» **DIRECTIONS FOR THIS TASK**
Count the lines in the records below that contain the word "بدون", and give only that count.

[Web page caption snippets]
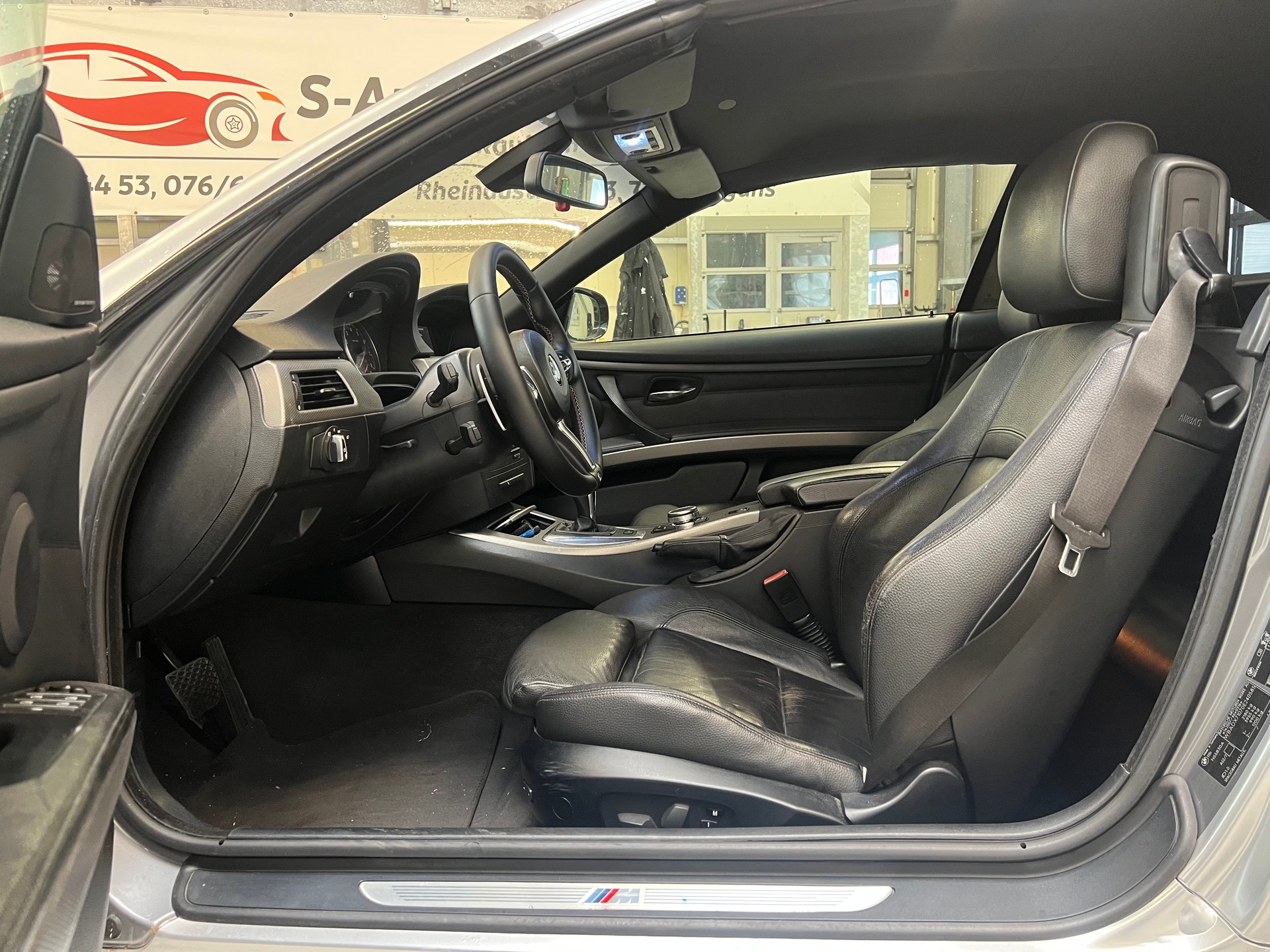 BMW 335i Cabriolet DSG-image-7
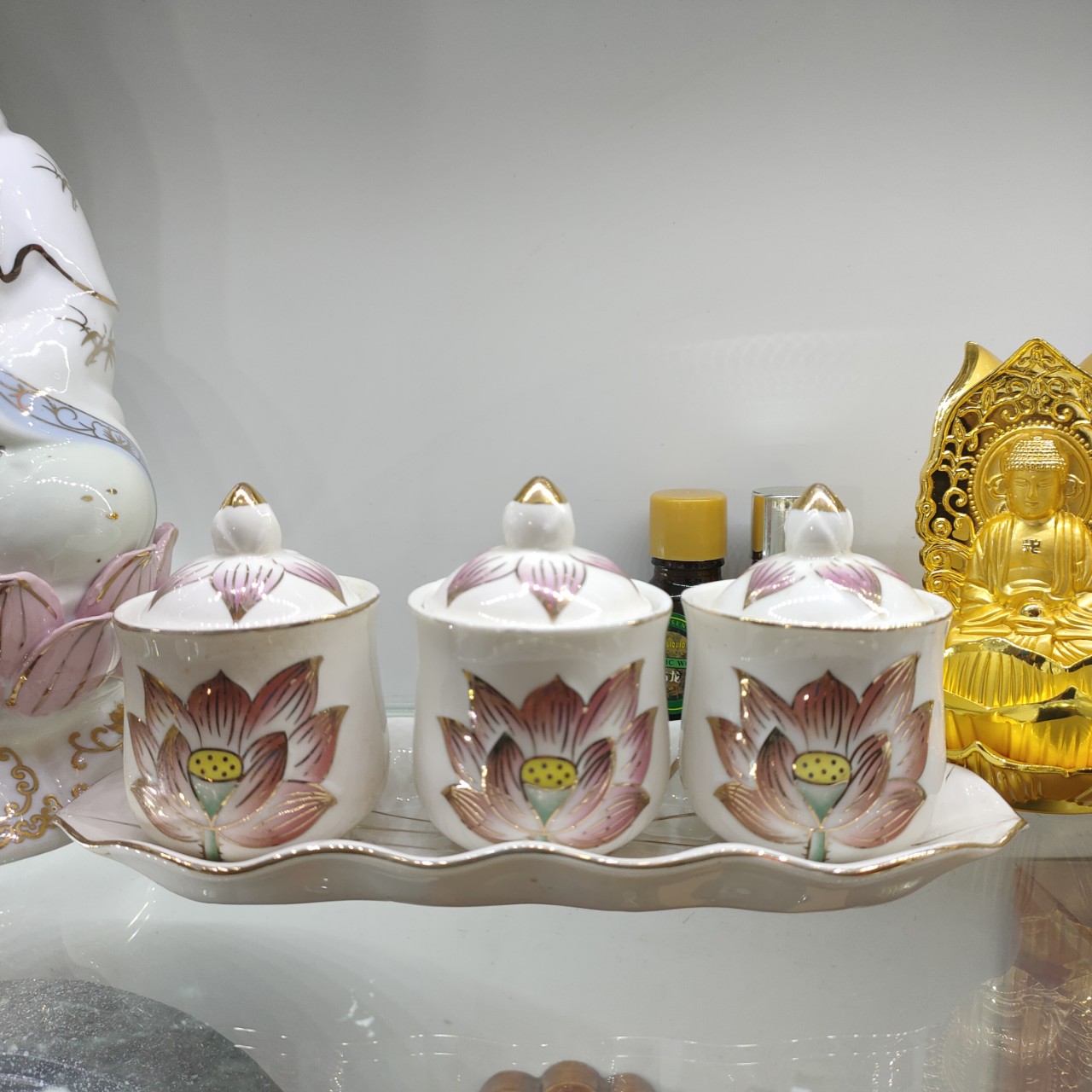 Khay nước 3 ly Hoa sen 19cm - thờ cúng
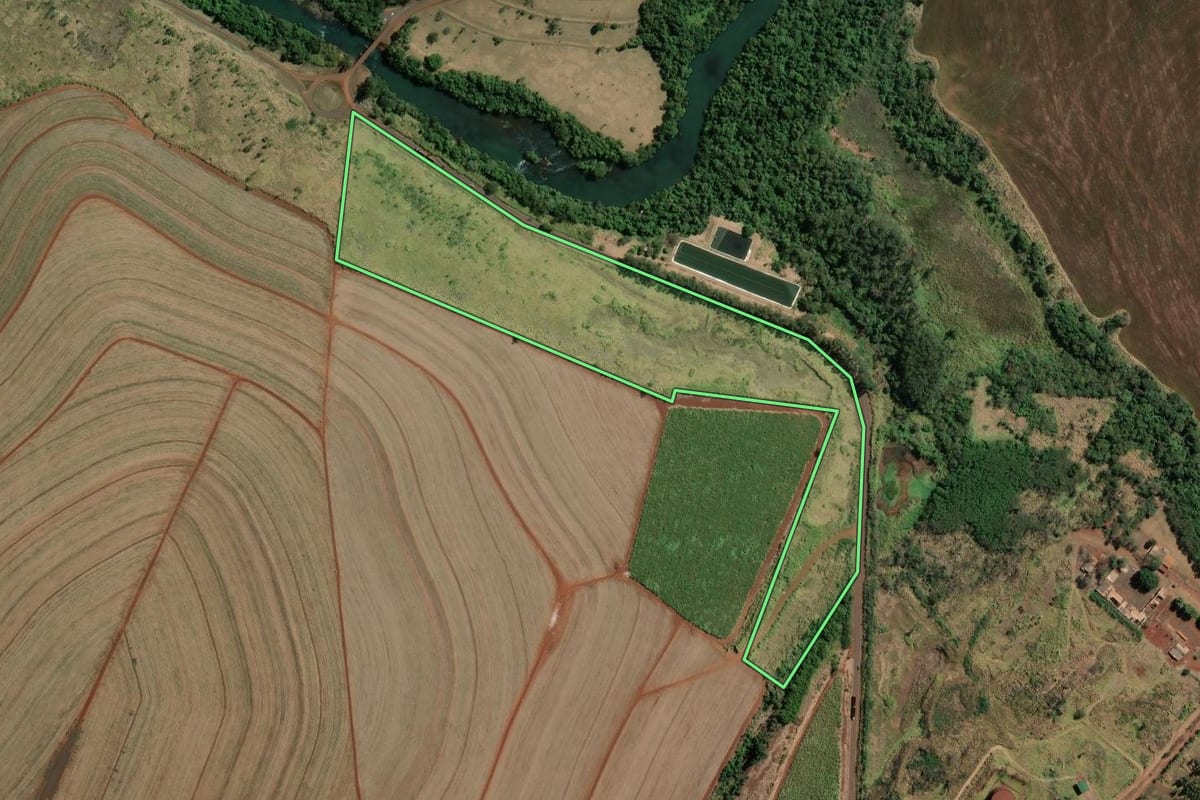 Imagem de satélite do imóvel rural em Ourinhos (SP), com o contorno declarado no CAR desenhado por cima.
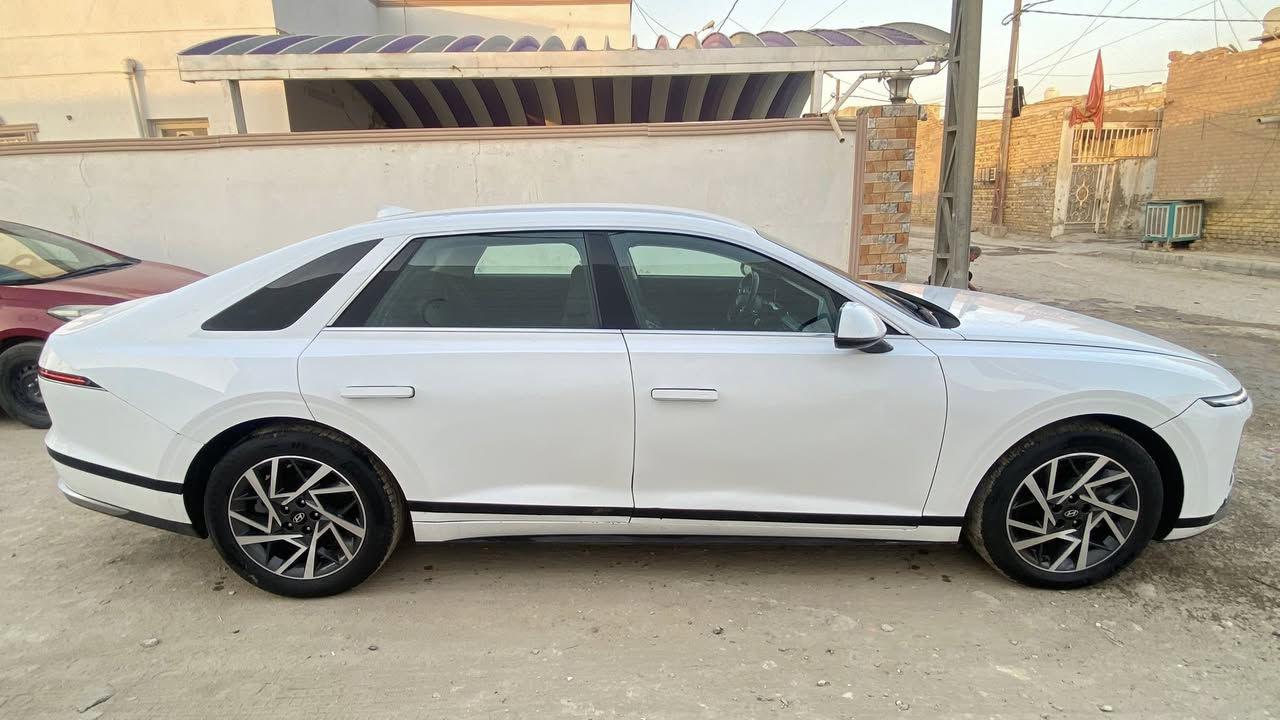 سعر كلش مناسب لان متوازي ع بيعتها 
كراندر ازيرا 2024 غاز 6 سلندر بدون رقم منفيس بسمي ماشية 42 اصل حقيقي         
      السعر 187 
قطعتين صبغ بين البابتين فقط وبيه دحجه خلفيه بدون صبغ فقط تكحيل صور الحادث خاص او واتساب 
مكاني ديوانية مركز المدينة 
***********
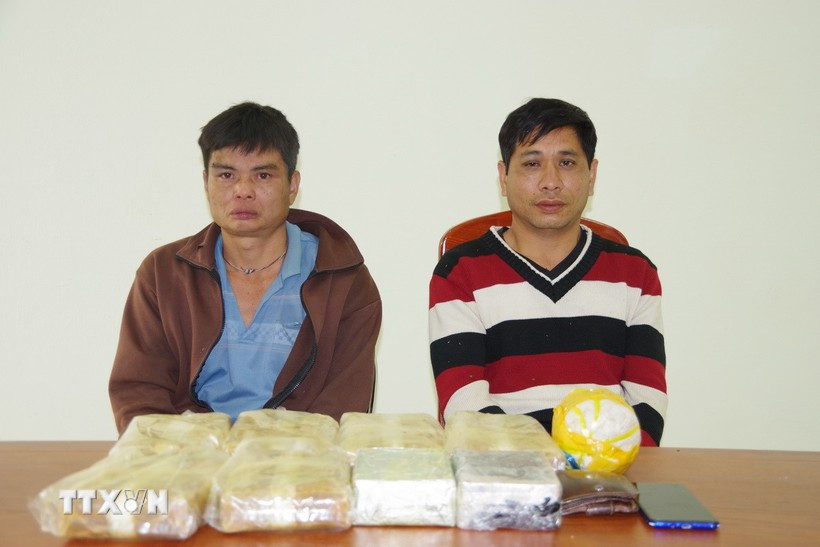 两名嫌疑人和赃物。图自越通社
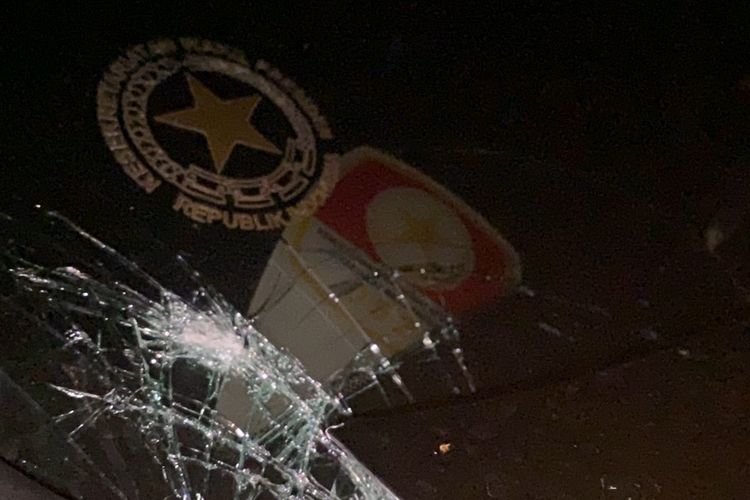 Kondisi kendaraan roda empat Toyota Land Cruiser Prado alami kerusakan pada bagian depan area bumper, serta kaca delan pada sisi kiri dan penutup mesin yang juga alami keruskan ringan.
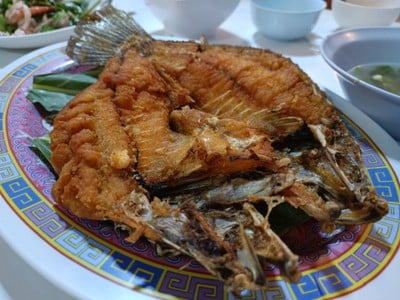 ปลากระพงทอดน้ำปลา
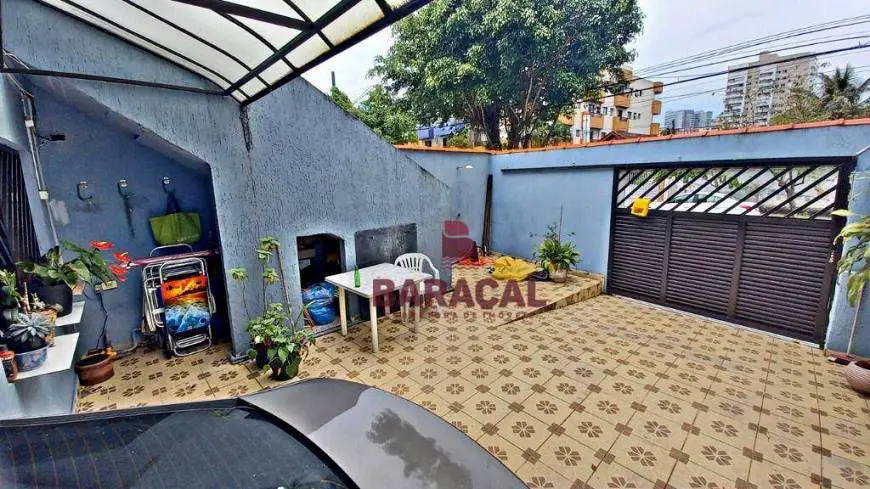 Foto 1 de Sobrado com 5 Quartos à venda, 210m² em Boqueirão, Praia Grande
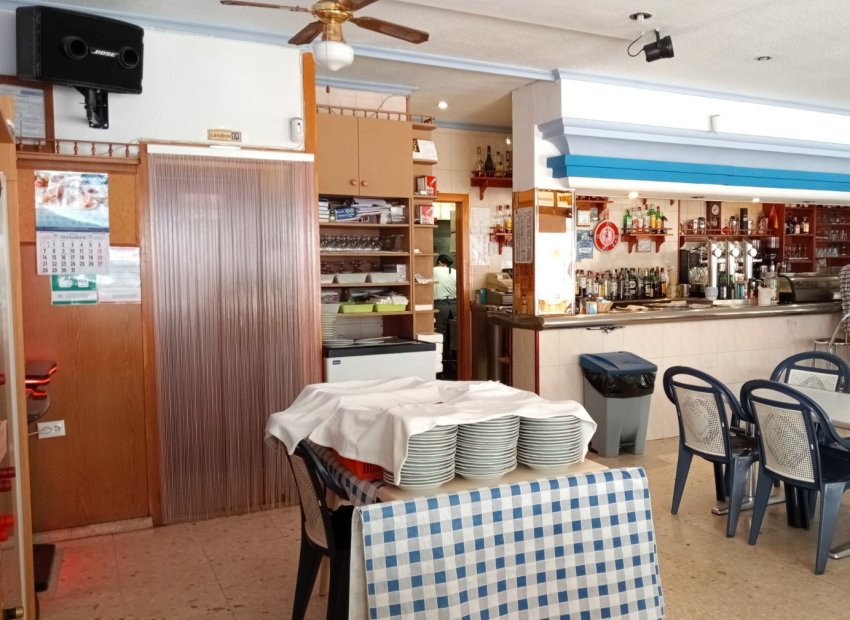 Comedor - Local con negocio en funcionamiento cerca de la playa en Benidorm (Costablanca - Alicante)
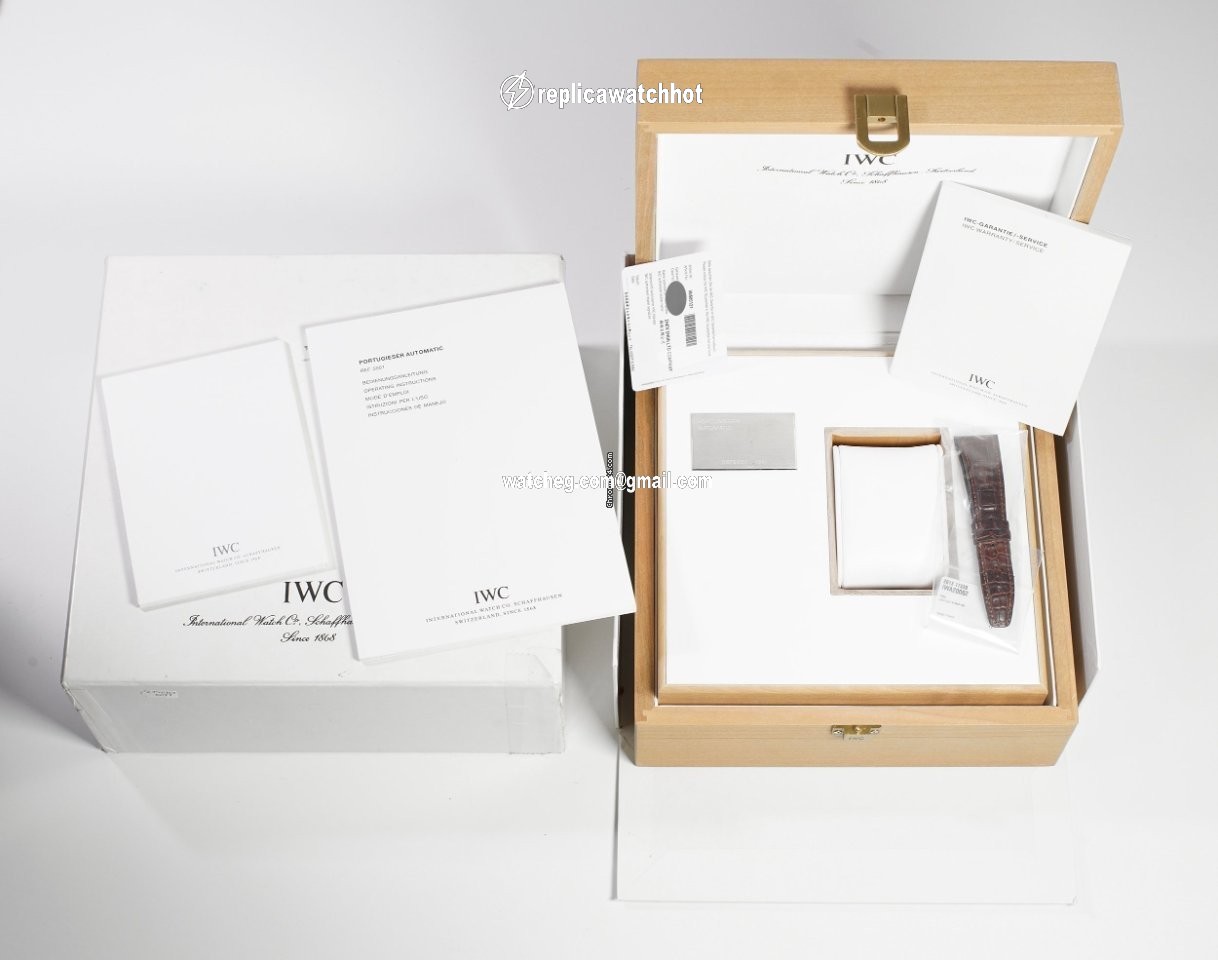 IWC Portuguese Automatic Automatic Rose gold IW500121 4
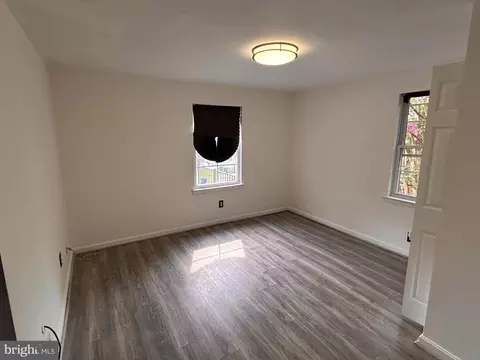 Bedroom - 3805 Ridgecroft Rd, Baltimore, MD 21206 photo 1 of 7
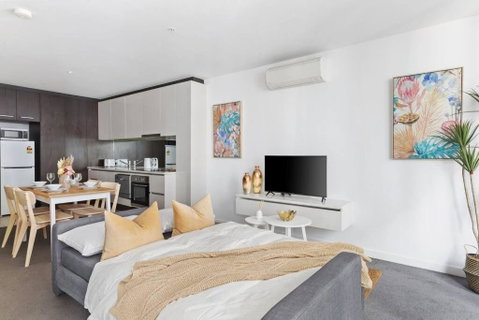 A Chic 2BR Apt Near Southern Cross, With Secure Parking - Accommodation Fremantle 4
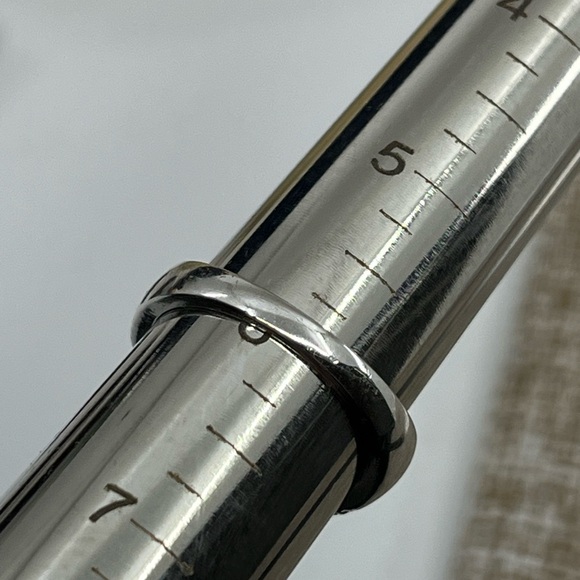 Vintage 925 Sterling Silver Red Oval Ring - Size 6, 4.1g - Picture 16 of 17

» **EXERCISE OUTPUT**
2